Image copyright © by Marcus Trahan

Frenzy

(1972)

Hitchcock returned to England to make his best movie since The Birds. Most of it takes place in London’s Covent Garden, where Eliza Doolittle hawked her flowers in My Fair Lady. They were still selling fruits and vegetables there in 1972, which made for a lot of colorful outdoor scenes. I understand the whole area has been redeveloped into a shopping and tourist attraction. This is a cracking good suspense thriller. Hitchcock reacted to the new freedom in cinema by including the only scene of nudity I can recall from his movies, though the glimpse of bare breasts is in a context that couldn’t possibly be less …er … titillating, unless you are a sadistic rapist. Much of the violence in his earlier films was hinted at with artful editing, and largely bloodless. Not here.
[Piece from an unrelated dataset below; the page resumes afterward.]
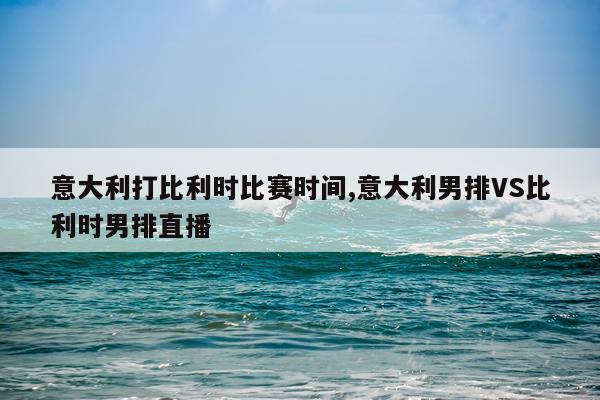 意大利打比利时比赛时间,意大利男排VS比利时男排直播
There is a harrowing scene of a woman being strangled, and a darkly funny sequence in the back of a potato lorry, where one of the burlap sacks contains a woman’s body in addition to the spuds. The woman has managed to grab the killer’s trademark stickpin before dying, and the killer must get it back. Trouble is, rigor mortis has set in, and she just won’t give it up … until he starts breaking her fingers, one by one.

I think more than a few in the audience got up and left at that point. It was shocking, no question about it. And it hurt that we hadn’t expected this woman to die. She seemed set up to be the plucky heroine who helps the wrongly accused man find the real killer. Only the real killer finds her first, and takes her up to his apartment in another brilliant scene. We see the door close behind them, and the camera pulls slowly back, down the stairs, out into the hurly-burly of the street with people and vehicles zooming by, until we can see the whole building with the curtains drawn on the second floor, and we know a gruesome murder is happening up there, completely unknown to the passersby, and we can’t do anything about it. Sheer genius.
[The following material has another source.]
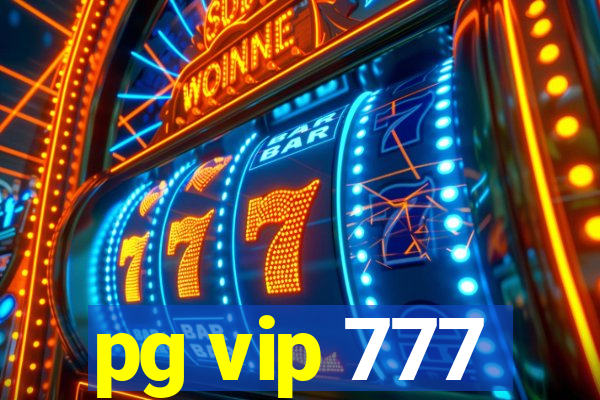 pg vip 777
Another touch of genius is a few genuinely funny scenes, though even these have the touch of darkness. The policeman in change of finding the Necktie Killer goes home every night to a wife who has become obsessed with “gourmet” cooking. He struggles manfully to eat the horrible (to him; he longs for fish and chips, bangers and mash, shepherd’s pie) dishes she sets before him. And all the while the two of them are discussing the murders and what to do next to find the killer. The wife is played hilariously by Vivien Merchant.

About the only sour note, for me anyway, is that the innocent man is such a loser. He’s a whiner, and he blames anyone and anything else (except his own loserhood) for all his troubles. He lashes out, gets angry with his friends, and I just can’t see what his girlfriend sees in him. Other than that, though, I had a splendid time.